| WHAT THE EXERCISE ASKS |
Your output should be the lines from the start of the data through the line containing "CRUCIAL P5 250GB", exactly and nothing more.

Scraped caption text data
· · · ·
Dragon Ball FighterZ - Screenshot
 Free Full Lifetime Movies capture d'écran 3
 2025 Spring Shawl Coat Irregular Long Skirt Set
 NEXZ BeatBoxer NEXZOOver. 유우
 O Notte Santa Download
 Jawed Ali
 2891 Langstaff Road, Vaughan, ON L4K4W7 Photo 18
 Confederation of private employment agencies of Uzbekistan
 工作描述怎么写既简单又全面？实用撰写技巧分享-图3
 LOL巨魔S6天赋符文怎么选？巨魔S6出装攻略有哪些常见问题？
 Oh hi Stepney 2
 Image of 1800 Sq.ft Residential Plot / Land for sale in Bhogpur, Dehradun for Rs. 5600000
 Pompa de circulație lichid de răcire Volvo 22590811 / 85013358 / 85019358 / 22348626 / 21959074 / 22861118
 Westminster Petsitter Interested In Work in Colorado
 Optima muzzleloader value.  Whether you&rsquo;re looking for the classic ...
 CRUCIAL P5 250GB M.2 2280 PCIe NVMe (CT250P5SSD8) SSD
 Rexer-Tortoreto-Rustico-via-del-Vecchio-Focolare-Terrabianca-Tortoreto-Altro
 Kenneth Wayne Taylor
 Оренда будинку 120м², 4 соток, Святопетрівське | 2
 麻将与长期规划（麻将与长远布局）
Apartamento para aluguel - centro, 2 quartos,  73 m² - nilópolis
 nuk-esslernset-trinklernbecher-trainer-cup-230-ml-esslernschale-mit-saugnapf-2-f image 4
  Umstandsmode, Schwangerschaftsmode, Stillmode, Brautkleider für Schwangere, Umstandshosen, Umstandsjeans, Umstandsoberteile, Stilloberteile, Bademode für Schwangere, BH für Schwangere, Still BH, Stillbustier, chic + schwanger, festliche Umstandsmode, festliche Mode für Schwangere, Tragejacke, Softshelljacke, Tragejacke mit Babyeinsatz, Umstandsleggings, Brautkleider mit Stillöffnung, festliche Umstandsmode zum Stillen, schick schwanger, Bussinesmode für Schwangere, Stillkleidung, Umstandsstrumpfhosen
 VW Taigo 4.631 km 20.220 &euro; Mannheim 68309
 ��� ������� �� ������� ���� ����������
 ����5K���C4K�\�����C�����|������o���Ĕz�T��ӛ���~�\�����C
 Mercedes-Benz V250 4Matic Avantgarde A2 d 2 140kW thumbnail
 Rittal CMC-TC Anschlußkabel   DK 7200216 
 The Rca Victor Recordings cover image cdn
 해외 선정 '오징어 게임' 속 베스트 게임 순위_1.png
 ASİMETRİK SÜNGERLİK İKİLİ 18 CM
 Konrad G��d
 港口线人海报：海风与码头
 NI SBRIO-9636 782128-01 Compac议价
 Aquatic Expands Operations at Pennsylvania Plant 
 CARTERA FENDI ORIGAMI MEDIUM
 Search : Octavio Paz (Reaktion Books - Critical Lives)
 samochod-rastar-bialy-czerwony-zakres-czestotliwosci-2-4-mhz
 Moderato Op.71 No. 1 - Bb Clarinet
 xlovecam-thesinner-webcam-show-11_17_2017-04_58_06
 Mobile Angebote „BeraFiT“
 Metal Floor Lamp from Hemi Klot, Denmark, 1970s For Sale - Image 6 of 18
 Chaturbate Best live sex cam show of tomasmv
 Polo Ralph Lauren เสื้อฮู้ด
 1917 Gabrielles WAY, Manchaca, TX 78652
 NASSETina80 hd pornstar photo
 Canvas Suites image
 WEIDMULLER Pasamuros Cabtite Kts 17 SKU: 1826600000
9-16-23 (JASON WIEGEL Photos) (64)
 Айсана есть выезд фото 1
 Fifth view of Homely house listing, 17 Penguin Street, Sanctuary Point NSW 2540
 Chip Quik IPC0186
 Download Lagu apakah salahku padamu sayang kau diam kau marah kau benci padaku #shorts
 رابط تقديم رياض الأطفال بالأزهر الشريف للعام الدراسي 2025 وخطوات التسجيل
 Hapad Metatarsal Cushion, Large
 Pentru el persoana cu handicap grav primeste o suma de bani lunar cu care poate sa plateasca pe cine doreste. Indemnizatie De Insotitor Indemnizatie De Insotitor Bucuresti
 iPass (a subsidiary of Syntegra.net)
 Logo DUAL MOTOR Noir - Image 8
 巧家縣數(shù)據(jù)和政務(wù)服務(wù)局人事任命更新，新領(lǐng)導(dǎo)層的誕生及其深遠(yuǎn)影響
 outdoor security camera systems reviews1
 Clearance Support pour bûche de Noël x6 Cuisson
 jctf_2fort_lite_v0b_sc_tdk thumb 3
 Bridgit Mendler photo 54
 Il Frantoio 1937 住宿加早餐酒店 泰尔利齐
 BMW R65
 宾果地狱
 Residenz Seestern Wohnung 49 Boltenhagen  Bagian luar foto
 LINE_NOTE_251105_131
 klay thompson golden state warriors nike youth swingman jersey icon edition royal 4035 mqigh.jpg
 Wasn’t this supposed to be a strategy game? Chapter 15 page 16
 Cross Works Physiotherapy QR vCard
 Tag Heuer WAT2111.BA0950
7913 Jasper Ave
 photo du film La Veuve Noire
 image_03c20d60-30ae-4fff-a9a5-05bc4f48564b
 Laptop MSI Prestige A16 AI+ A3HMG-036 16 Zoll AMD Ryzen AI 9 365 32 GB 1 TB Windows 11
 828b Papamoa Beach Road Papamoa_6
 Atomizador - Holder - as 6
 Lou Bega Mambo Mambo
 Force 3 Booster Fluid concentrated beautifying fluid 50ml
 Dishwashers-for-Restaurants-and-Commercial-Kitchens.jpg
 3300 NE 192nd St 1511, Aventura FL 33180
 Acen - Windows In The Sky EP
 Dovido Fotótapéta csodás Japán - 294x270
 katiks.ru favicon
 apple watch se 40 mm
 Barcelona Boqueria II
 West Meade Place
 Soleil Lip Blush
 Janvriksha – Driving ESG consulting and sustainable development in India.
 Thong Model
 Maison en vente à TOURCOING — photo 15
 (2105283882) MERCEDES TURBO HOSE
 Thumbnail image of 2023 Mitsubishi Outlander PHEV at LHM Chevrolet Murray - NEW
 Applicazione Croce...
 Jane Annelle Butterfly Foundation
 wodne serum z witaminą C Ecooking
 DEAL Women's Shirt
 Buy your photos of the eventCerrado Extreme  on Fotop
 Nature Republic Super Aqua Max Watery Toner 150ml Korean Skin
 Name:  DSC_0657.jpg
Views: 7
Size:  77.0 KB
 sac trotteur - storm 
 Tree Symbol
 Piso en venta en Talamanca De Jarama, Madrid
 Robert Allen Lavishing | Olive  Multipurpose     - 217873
· · · ·
| EXERCISE ANSWER |
Dragon Ball FighterZ - Screenshot
 Free Full Lifetime Movies capture d'écran 3
 2025 Spring Shawl Coat Irregular Long Skirt Set
 NEXZ BeatBoxer NEXZOOver. 유우
 O Notte Santa Download
 Jawed Ali
 2891 Langstaff Road, Vaughan, ON L4K4W7 Photo 18
 Confederation of private employment agencies of Uzbekistan
 工作描述怎么写既简单又全面？实用撰写技巧分享-图3
 LOL巨魔S6天赋符文怎么选？巨魔S6出装攻略有哪些常见问题？
 Oh hi Stepney 2
 Image of 1800 Sq.ft Residential Plot / Land for sale in Bhogpur, Dehradun for Rs. 5600000
 Pompa de circulație lichid de răcire Volvo 22590811 / 85013358 / 85019358 / 22348626 / 21959074 / 22861118
 Westminster Petsitter Interested In Work in Colorado
 Optima muzzleloader value.  Whether you&rsquo;re looking for the classic ...
 CRUCIAL P5 250GB M.2 2280 PCIe NVMe (CT250P5SSD8) SSD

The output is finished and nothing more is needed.